Der Morgen sind die Stunden mit besonderer Vergangenheit (der „Morgen danach“) und mit besonderer Zukunft. Eine Zeit voller Möglichkeit, Potenzialität und Offenheit, weshalb aus dem „Morgen des folgenden Tages“ die Zeitangabe „morgen“ wurde. Inbegriff für Zukunft, Frische und Jugend.

Dass die ewige „Morgenfrische“ für den Menschen auf Dauer kaum auszuhalten ist, kommt schön in einer Geschichte aus der antiken Mythologie zum Ausdruck. In ihr ist die Morgenzeit personalisiert in der Göttin Eos (lat. Aurora), Schwester des Sonnengottes Helios (lat. Sol) und der Mondgöttin Selene (lat. Luna). Sie fährt ihrem Bruder Helios voraus mit einem Gespann aus den beiden Pferden Phaeton („Schimmer“) und Lampos („Glanz“): anmutig, schön gelockt, in einem safrangelben Kleid. Eos verliebt sich in den trojanischen Prinzen Tithonos, entführt und heiratet ihn und bittet den widerstrebenden Zeus für ihn um Unsterblichkeit – vergisst aber leider, ihn zugleich um ewige Jugend zu bitten. So schrumpelt Tithonos, ewig alternd, immer weiter in sich zusammen, bis nur noch seine schrille Stimme übrig bleibt und Zeus ihn aus Mitleid in eine Zikade verwandelt, welche die Morgenröte fortan begleitet. Den Tod ihres gemeinsamen Sohnes Memnon beweint Eos dauerhaft, weswegen morgens ihre Tränen als Tau vom Himmel fallen.

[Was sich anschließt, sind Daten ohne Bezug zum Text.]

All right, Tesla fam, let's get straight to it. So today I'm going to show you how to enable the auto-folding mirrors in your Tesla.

In Sprichwörtern ist die Anfangszeit des Tages vielfach durch ökonomischen Wettbewerb und Arbeitsmoral vereinnahmt worden. Es geht ums Fressen und Gefressen-Werden (früher Vogel fängt Wurm), um das Wettrennen aller gegen alle im „Windhund“- oder Liegestuhl-Prinzip (wer zuerst kommt), um den Gewinn von Reichtum (Gold im Mund). Dazu passt es, dass aus der Zeiteinheit ein Flächenmaß wurde: ein Morgen als die Ackerfläche, die man je nach Zeit und Region unterschiedlich mit einem einscharigen Ochsen- oder Pferdepflug an einem Vormittag durchschnittlich pflügen konnte (etwa 2500 Quadratmeter). Zugleich diente der Morgen früher als Bezeichnung für die östliche Himmelsrichtung: dorthin, wo die Sonne aufgeht, im Orient, im Morgenland.

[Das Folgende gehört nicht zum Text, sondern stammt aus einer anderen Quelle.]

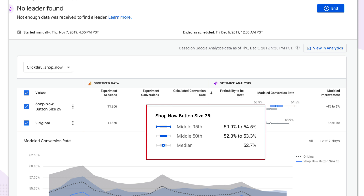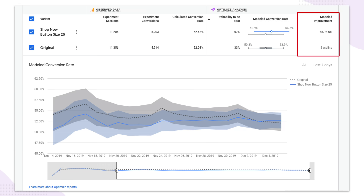The third column on the right is the modeled improvement column, which gives you quantitatively the lower and upper bounds of the improvement you could expect for a given variant. In this case, the best-case scenario is that this variant will achieve 6% better conversion than the baseline — that's a relative difference, not absolute. In the worst case, it's negative 4% compared to the baseline. You can use the modeled improvement along with the probability to be best to make a really good decision on whether to deploy a specific variant.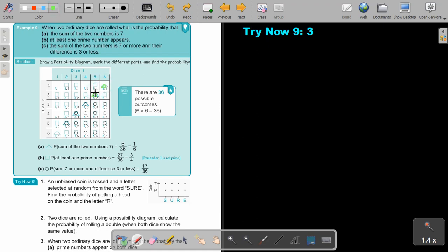Then two plus five and one plus six. There are 36 possible outcomes — six times six is 36. How many had a sum of seven? Counting: one, two, three, four, five, six. So it's six out of 36, and I can simplify that to one over six.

Für den Glauben spielt der Morgen eine besondere Rolle. In den Morgengebeten und -liedern geht es um den Dank für die bewahrte, überstandene Nacht und die Bitte um Führung wie Behütung an dem neuen Tag. Und es geht um die Kunst, trotz tagtäglicher Gewöhnung das Wunder der Schöpfung neu zu sehen: „Morning has broken like the first morning.“ Die Tatsache, dass die Sonne jeden Morgen aufgeht, macht das Wunder nicht kleiner als „am ersten Tag“, nur unser Blick für das Wunder ist sprichwörtlich vernebelt. Der Morgen ist zugleich die Zeit, an der die Frauen zum Grab aufbrechen und dem Auferstandenen begegnen. Deswegen sind christliche Kirchen in aller Regel mit dem Chorraum gen Osten ausgerichtet, von wo der Auferstandene wie die aufgehende Sonne erwartet wird. Auch in dieser Hinsicht ist der christliche Glaube zutiefst orientalisch. Ostern und Osten gehören zusammen: der Glaube als Morgenland.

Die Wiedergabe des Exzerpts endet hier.